Die Vorteile eines digitalen BGM sind:

  1. Es holt die Menschen dort ab, wo sie sind, denn über 90 Prozent der berufstätigen Deutschen sind täglich im Internet.
  2. Es ist kostengünstig, und trotzdem kann man, zum Beispiel in filialisierten Unternehmen, viele und andere Mitarbeiter erreichen als mit klassischem BGM, etwa Männer.
  3. Es ist niedrigschwellig, anonym, leicht mehrsprachig zu gestalten, und meist lässt es sich auch in das Unternehmensdesign einbetten.

Trotzdem sollten Firmen bei der Auswahl eines digitalen Angebots kritisch sein und sich beraten lassen: Im App-Store beispielsweise sind mehrere Millionen Health-Apps verfügbar, aber weniger als 1 Prozent davon hat einen nachgewiesenen Nutzen, ist also evidenzbasiert.

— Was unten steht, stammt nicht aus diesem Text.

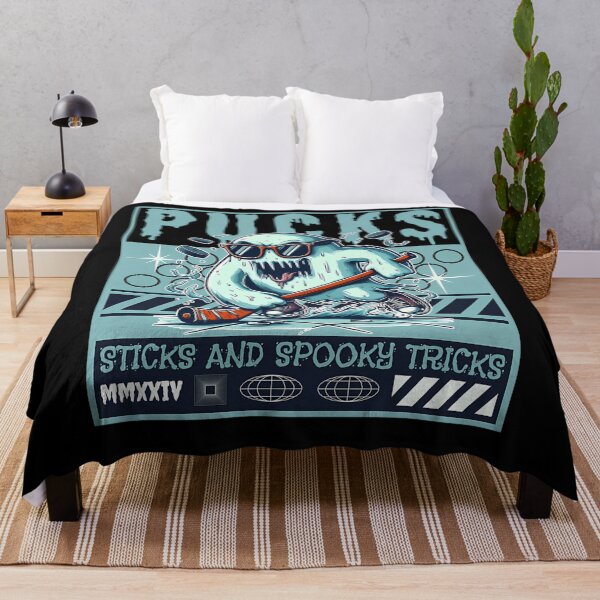 Item preview, Pucks Sticks And Spooky Tricks designed and sold by Theepo.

Für ein gutes digitales BGM-Tool gibt es objektive, nachvollziehbare Qualitätskriterien: Wichtig ist zunächst, dass es sich um eine individualisierbare Plattform handelt, das heißt, es sollte aufgrund der höheren Akzeptanz im Unternehmensdesign erscheinen und zum Beispiel bereits vorhandene Angebote integrieren. Da es schon vielfältige Gesundheitsangebote am Markt gibt, sollte es keine Stand-alone-Lösung sein, sondern Schnittstellen zu anderen Angeboten haben. Wearables als Fitnesstracker, mit denen etwa Vitalparameter, Schritte oder Nahrungszufuhr gemessen werden, sind stark im Kommen. Die Daten sollten auf freiwilliger Basis ins BGM-Tool eingespeist werden.

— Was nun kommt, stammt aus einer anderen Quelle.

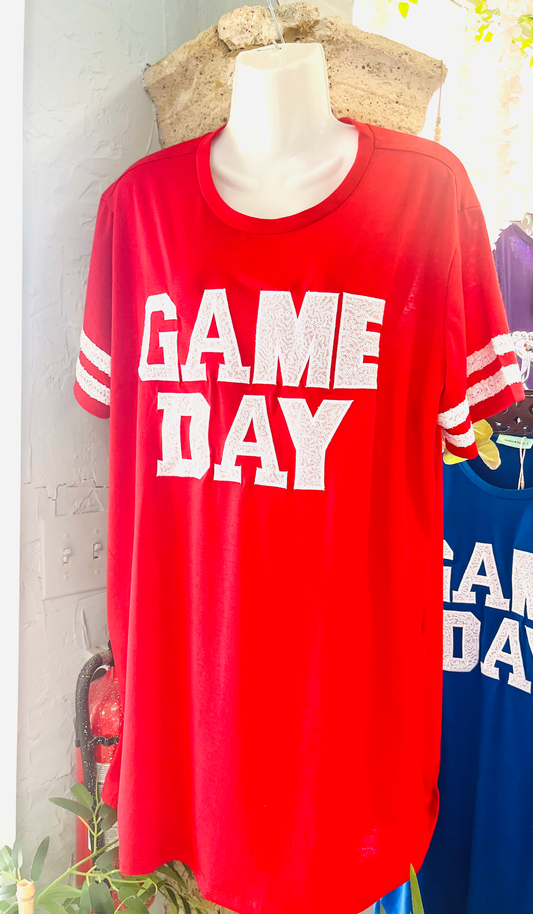 Game Day Dress Shirt (Red) image 0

Datenschutz und Sicherheit

Das sind die wichtigsten Themen beim digitalen BGM. Eine externe Plattform hat den Vorteil, dass Mitarbeiter bestimmte Maßnahmen, zum Beispiel im Bereich Sucht, wahrnehmen können, ohne dass der Arbeitgeber davon Kenntnis erlangt. Um das Ganze steuerlich zu dokumentieren und mit dem Arbeitgeber abzurechnen, bedarf es eines ausgeklügelten Systems. Mit Hilfe eines Experten sollten Unternehmen kritisch prüfen, was mit ihren Daten geschieht, also wie und wofür man sie auswertet und ob sie Dritten zugänglich gemacht werden.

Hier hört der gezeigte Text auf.